Captioned web images
··········
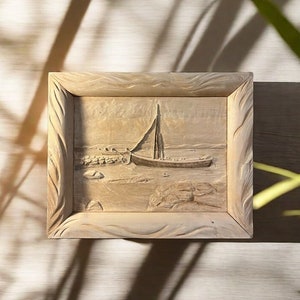 May include: A wooden framed picture with a carved image of a sailboat on the water. The frame has a wavy design.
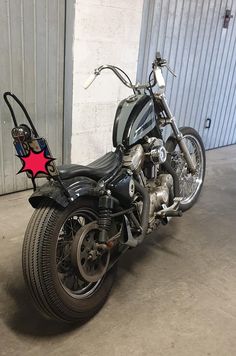 a black motorcycle parked in a garage next to a metal building with a red star on it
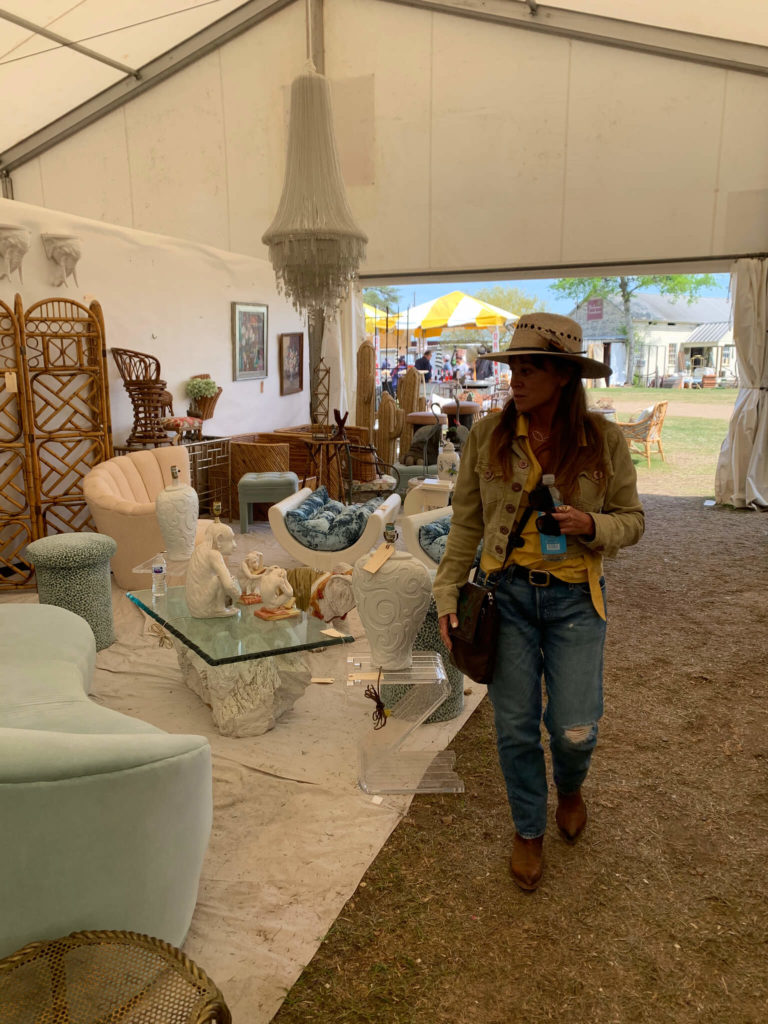 Designer Gege Cordeiro browsing the Round Top Fall Show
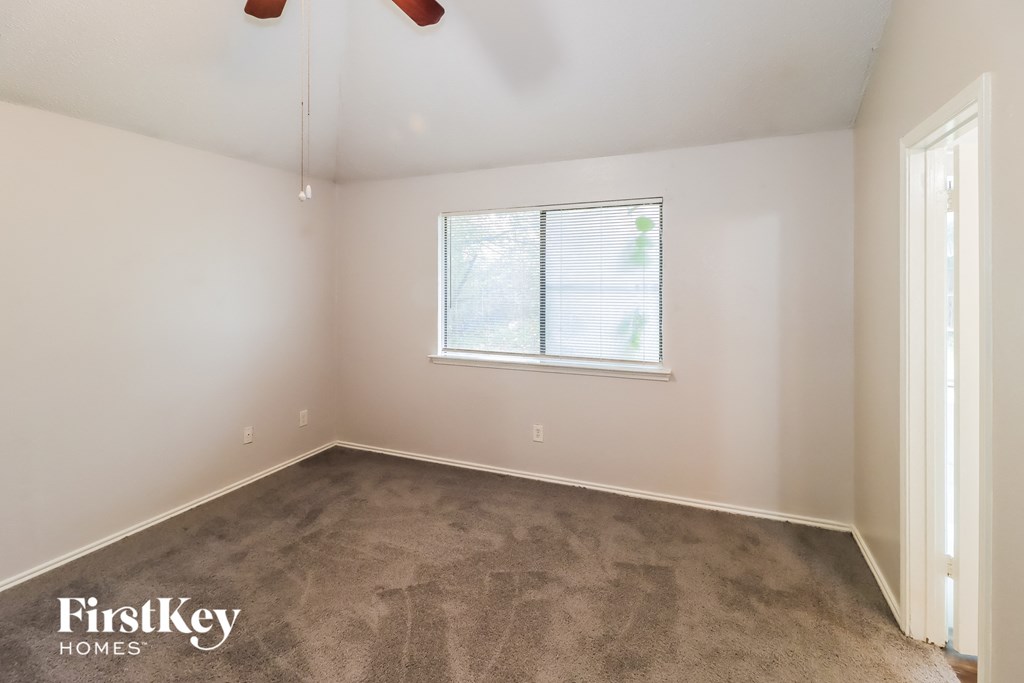 a bedroom with a carpeted floor and a window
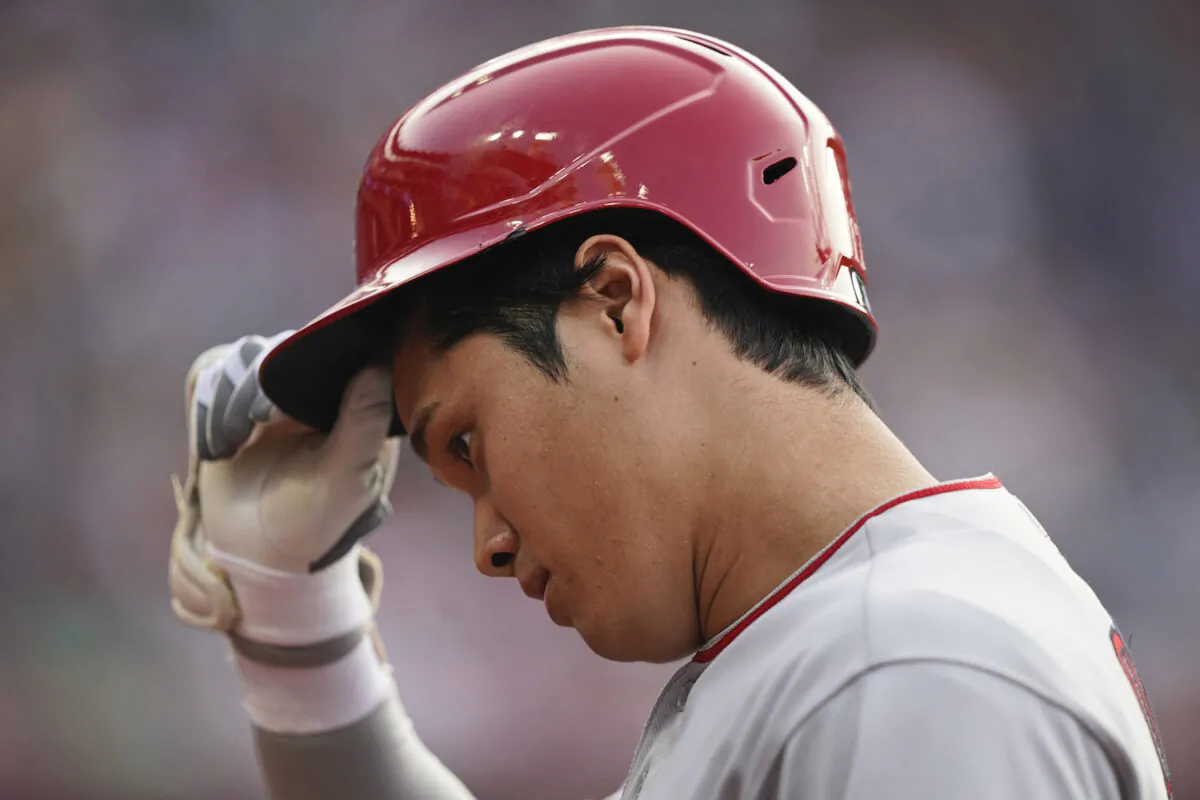 Los Angeles Angels' Shohei Ohtani takes off his helmet as he walks back to the dugout after grounding out during the ninth inning of the team's baseball game against the Cleveland Indians in Cleveland on Aug. 21, 2021. The Indians won 5-1. (AP Photo/Tony Dejak)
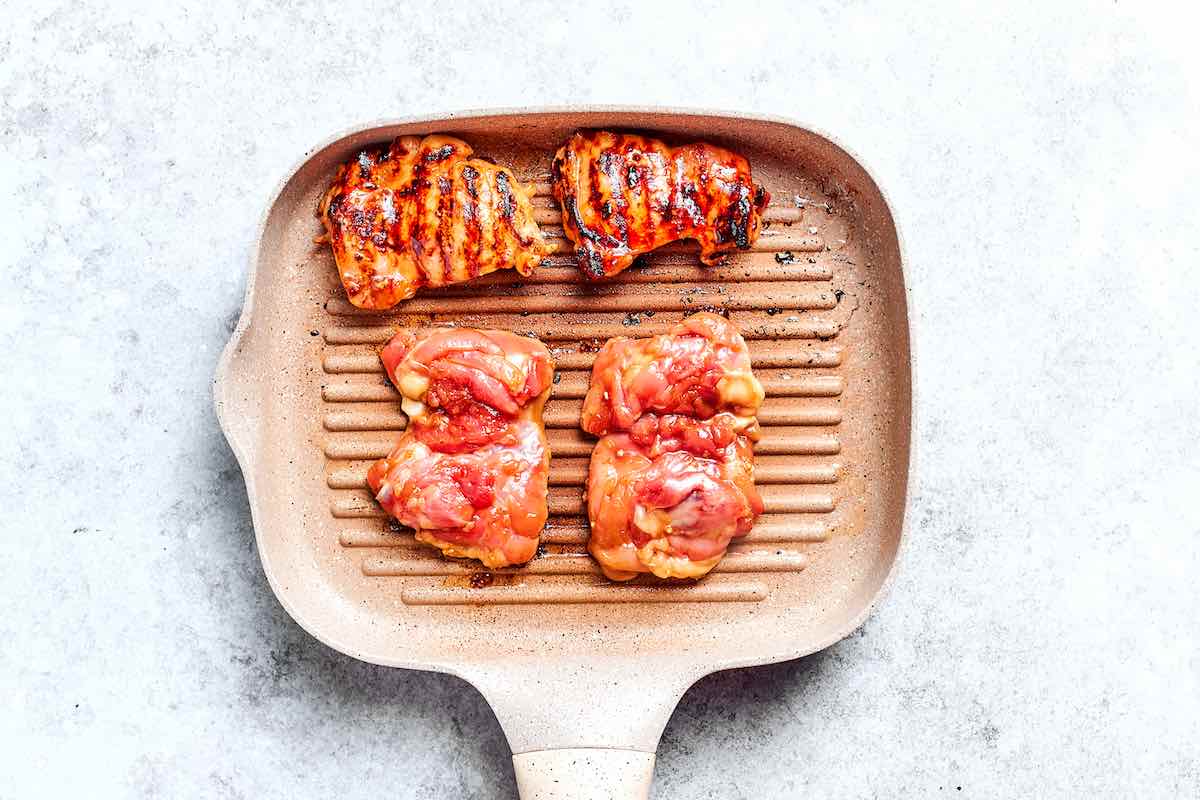 grilling marinated chicken thighs.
··········
The entries need to be restated exactly, and their pictures left out.

 May include: A wooden framed picture with a carved image of a sailboat on the water. The frame has a wavy design.
 a black motorcycle parked in a garage next to a metal building with a red star on it
 Designer Gege Cordeiro browsing the Round Top Fall Show
 a bedroom with a carpeted floor and a window
 Los Angeles Angels' Shohei Ohtani takes off his helmet as he walks back to the dugout after grounding out during the ninth inning of the team's baseball game against the Cleveland Indians in Cleveland on Aug. 21, 2021. The Indians won 5-1. (AP Photo/Tony Dejak)
 grilling marinated chicken thighs.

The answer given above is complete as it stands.